Crypto regulation and public health: Financial services and gambling

US Treasury Secretary Janet Yellen recently told Reuters that it is “critical” to put in place a strong regulatory framework (and I agree, because good regulation means a great opportunity for new fintech products and services), but evidence suggests that the crypto market is not a financial market as we currently understand it. Perhaps we should cast a wider net for ideas to regulate it.

Gamblification

Kenyan mobile payment service M-Pesa (by some measures Africa’s most successful fintech) transformed the national economy in incredible ways. There are now more than 200,000 SMEs using M-Pesa’s API, more than half a million businesses transacting over £5 billion per month, and M-Pesa has a network of partners that allow subscribers to send and receive money from more than 200 countries and territories. A non-bank payment system has changed people’s lives in ways that could not have been imagined by the people who created it.

But it also has its drawbacks.

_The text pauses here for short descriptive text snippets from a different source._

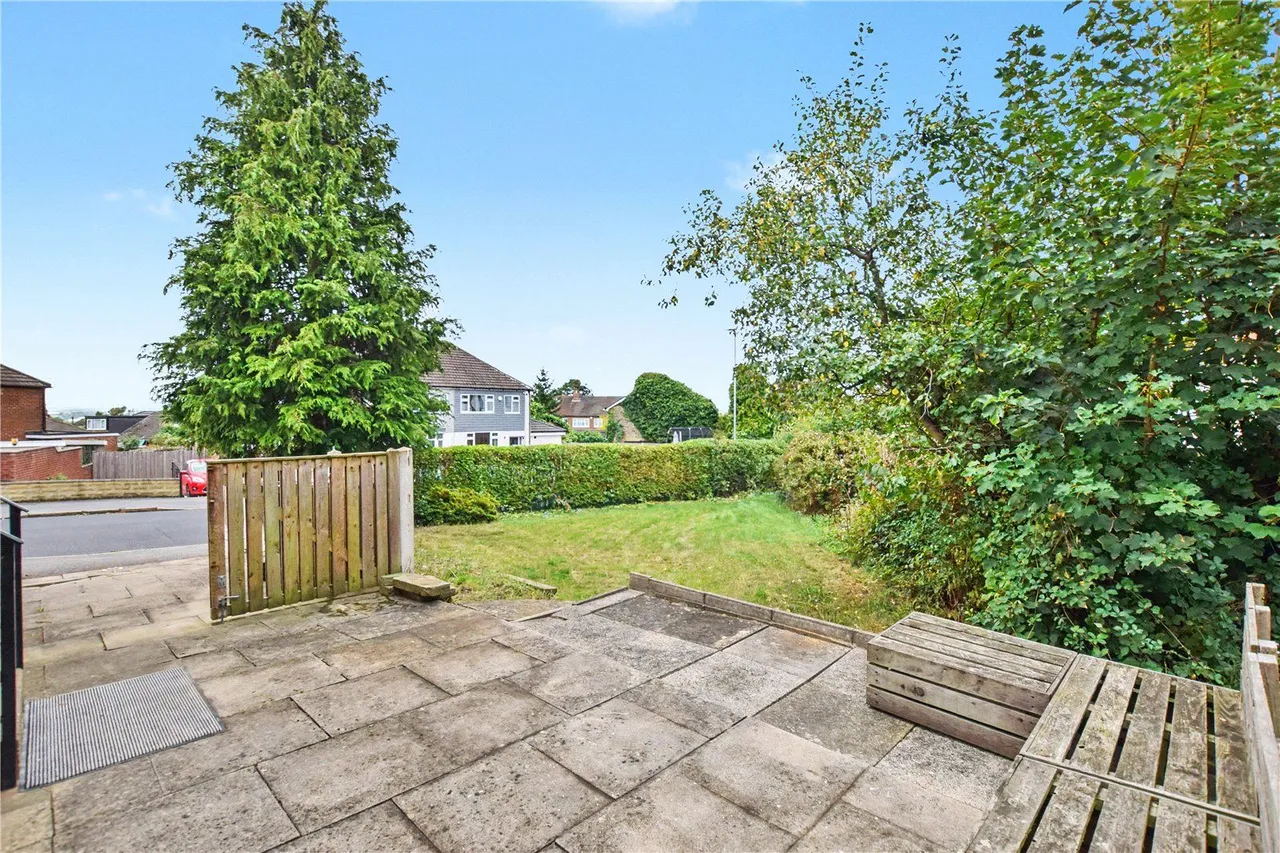 Field End Road, Leeds, LS15, photo 10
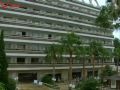00459A.wmv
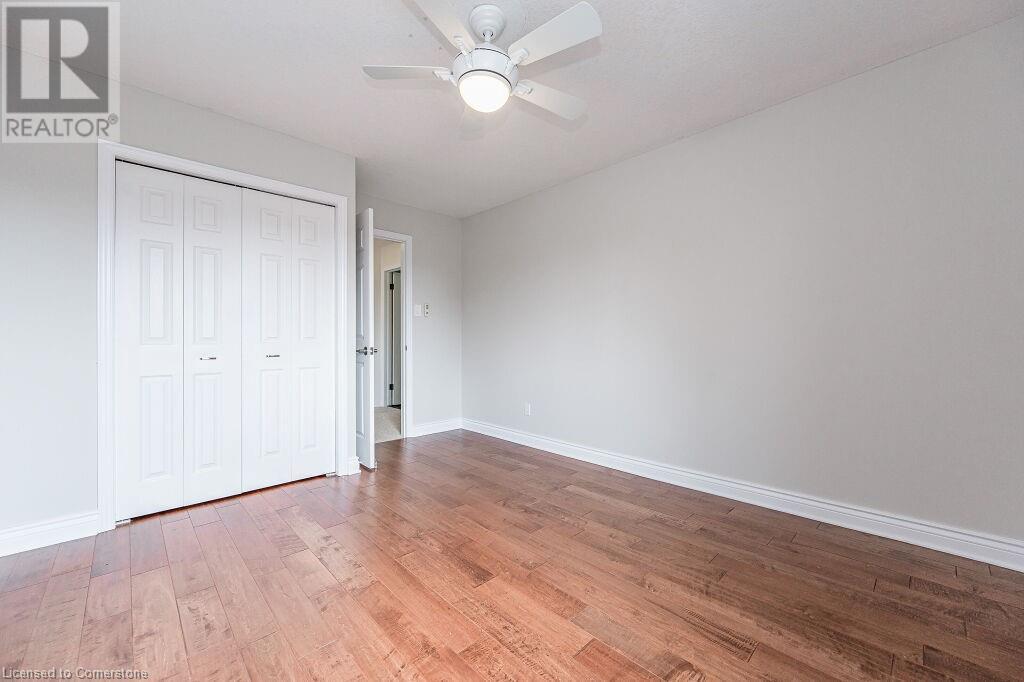 358 New Forest Court, Waterloo, Ontario  N2K 3W9 - Photo 29 - 40680273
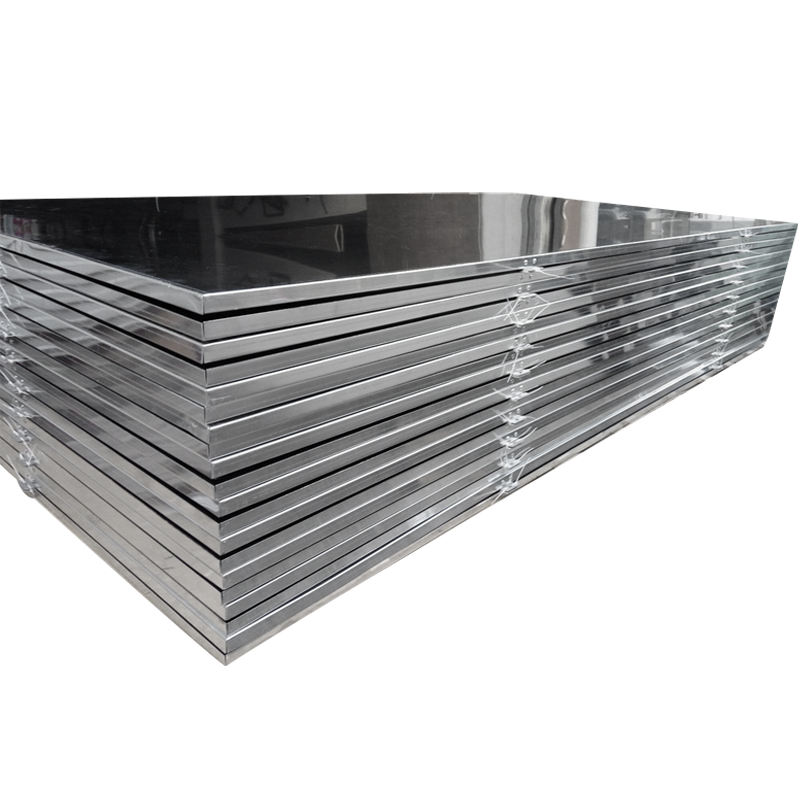 5083 Aluminum Sheet - Image 4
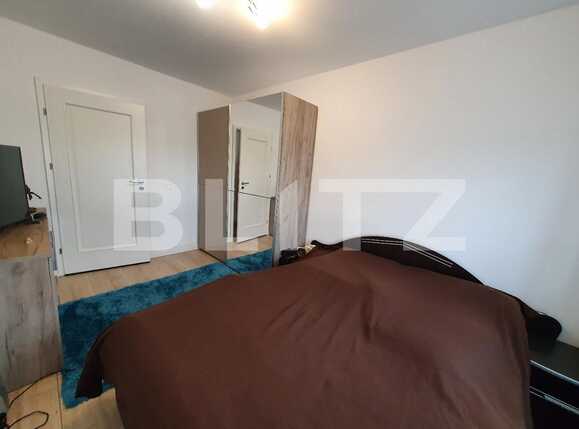 Apartament de vânzare 3 camere Tilisca - 64067AV | BLITZ Sibiu | Poza7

If fintech gives people, especially young men, an easy way to spend money online, one of the things they will spend it on is gambling. Kenya has M-Pesa, America has cryptocurrencies. The pressure to regulate crypto is increasing, and it should be regulated. But should it be regulated by the Securities and Exchange Commission or by the Gambling Commission?

This is a serious matter. Kenyans spent heading towards 200 billion Kenyan shillings on gambling through M-Pesa in the year to March last year (a quarter compared to the previous year), underscoring the scale of the problem. This is not a Kenyan problem, as in many other countries, smartphones and new ways of paying online are accompanied by what Jonathan Rosen calls “stubborn persistent viceof online gambling. Public Health England estimates the societal harm associated with gambling in England at around $1.5 billion, while Australian research estimates that the years lost to disability from gambling exceed diabetes! While many, many people enjoy gambling and for most of us it is a fun pastime, there is no doubt that they are gambling problems and a gambling problem.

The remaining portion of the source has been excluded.